Ruang tunggu di lantai dua itu dikelilingi kios penjual karcis. Namun, hanya beberapa saja yang masih terisi. Kios lainnya sudah tamat.
Tidak lama, seorang aktivis Komunitas Pengurus Terminal Baranangsiang (KPTB) yang menemani Kompas, pamit turun juga.
"Izin, laksanakan tugas dulu, galang dana dari penumpang," katanya.
Sudah setahun ini, KPTB meminta sumbangan sukarela kepada penumpang bus dan pencari nafkah di terminal tersebut.
Di pelataran terminal, terlihat belasan orang mengantre masuk bus jurusan Kuningan, Jawa Barat. Dua di antara yang antre adalah pedagang asongan lengkap dengan kotak dagangannya.

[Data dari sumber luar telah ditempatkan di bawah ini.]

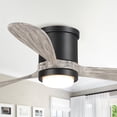 thumbnail image 1 of Parrot Uncle 52" Modern Wood 3-Blade Flush Mount Ceiling Fan with Light and Remote, 1 of 5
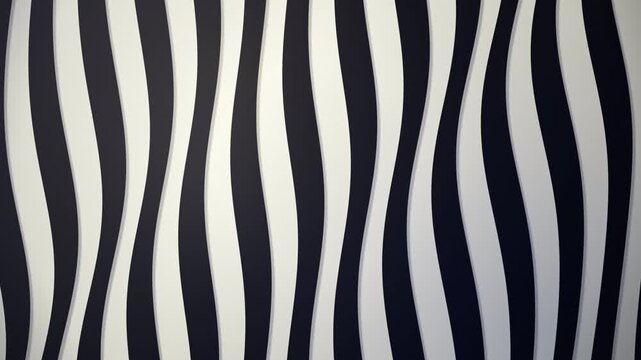 Abstract black and white vertical wavy lines and stripes moving in a hypnotic optical illusion animation loop background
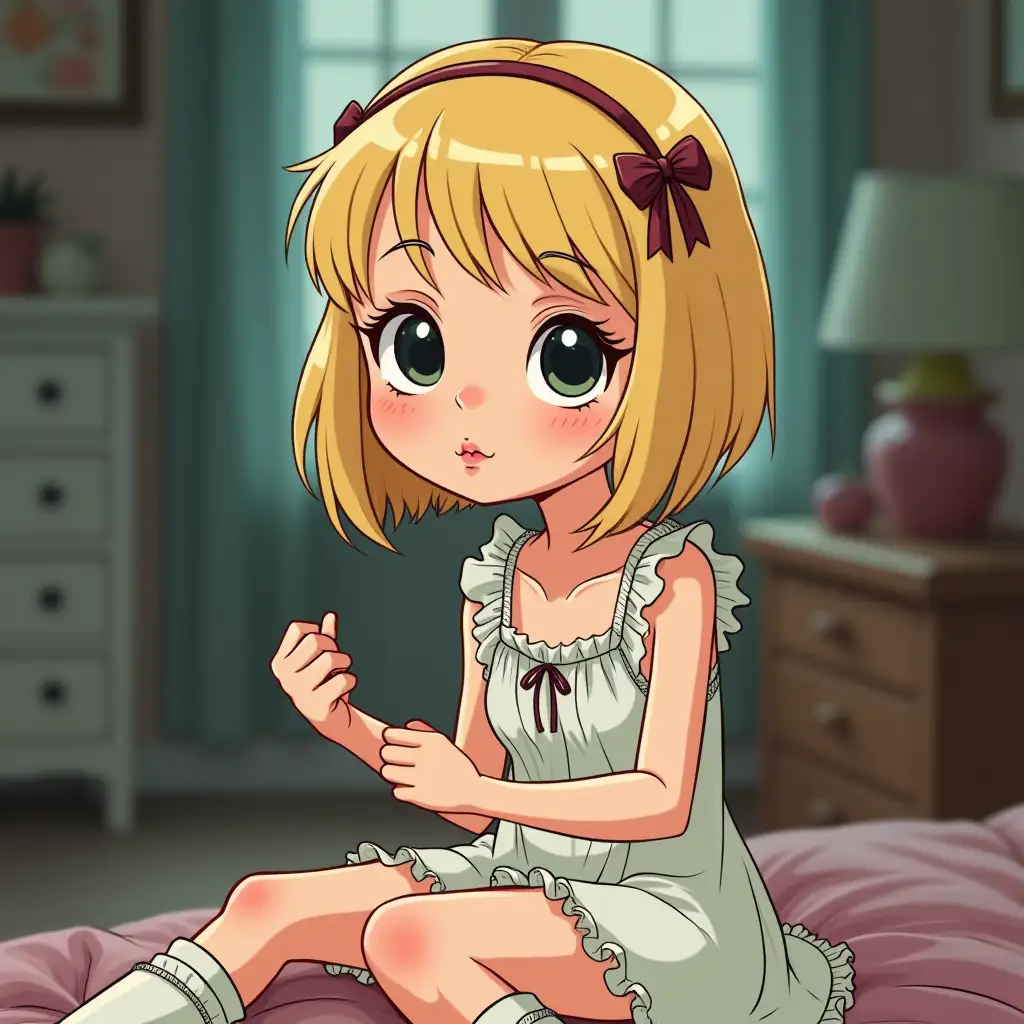 czech upa-stylized animated cartoon depiction of a nasty but adorable slim 12-year-old girl with blond hair and a bob cut. Lightweight over-the-top girly delicate short thin nightie-like clothes with moderate ruffles, fashionable knee socks, the style of clothing gives off gothic and a bit 70s, has girly elements like hair barrettes, bows and ruffles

Tiga meter dari depan bus, ada kubangan lebar berisi air berwarna hitam. Sampah berserakan di pelataran tempat bus menunggu penumpang. Kubangan serupa banyak terlihat di Terminal Baranangsiang.
"Ini mendingan. Kalau hujan lebih parah. Yang enak di sini, bisa dagang bebas dan nggak ada copet," kata Awaludin (64), pedagang gorengan.
Di pikulannya, Awaludin meletakkan tempat sajian aneka gorengan, penggorengan, serta kompor gas. Ia mangkal di depan tangga menuju lantai dua di belakang terminal. Tempat mangkalnya tergolong strategis karena di situlah jalan masuk calon penumpang bus.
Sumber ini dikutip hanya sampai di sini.